I never enrolled Chester in any agility classes, but from all the tricks that I have been able to teach him makes me think that he would be great at it....or at least really funny to watch ha.

One of the tricks I taught Chester to tire him out in the evenings is jumping over my outstretched arm which is about 1.5 ft off the ground. I just make him jump over it back and forth in succession and he does it fantastically...until after about 4 in a row then he starts tiring out lol. And I'm not sure if other Hav's do this as well, but Chester jumps in the funniest way - he kinda jumps like a sheep would in your dreams, jumping over a fence lol...using all four paws jumping off and landing at the same time. It's honestly hilarious watching him do it.
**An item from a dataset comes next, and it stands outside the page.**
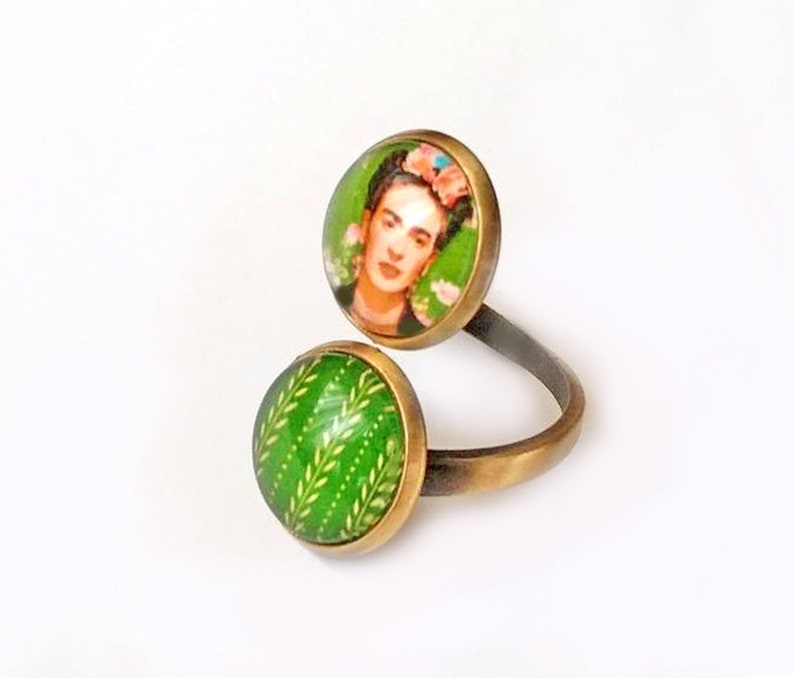 FRIDA double ring, original Frida ring, ring with 2 Frida cameos, Frida jewelry, turquoise Frida Kahlo ring image 10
Another trick I've taught is to hop from one ottoman to another. We have a couple "cube-like" ottomans from IKEA and I line them up about 2 feet apart. When I say "hop", he'll hop from one cube to the other then to the couch and back again. 

Now I don't think Chester would win any awards in agility lol When compared to his "cousin" who's an extremely robust and athletic Yorkie that chases a ball in the park like a cheetah chases its prey, Chester just looks like a little fluff ball bouncing around the living room. In the end...i think your hav would totally get a kick out agility...and so would you


----------



## jillnors2 (Apr 12, 2007)

Great fit!! These are very smart, athletic dogs.


----------



## StarrLhasa (Jun 6, 2010)

Havanese can be really good at Agility [We have nicknamed our boy, "Pogo" because of his ability to jump.], but be careful with your puppy as his/her joints have not finished growing until the pup is at least a year old.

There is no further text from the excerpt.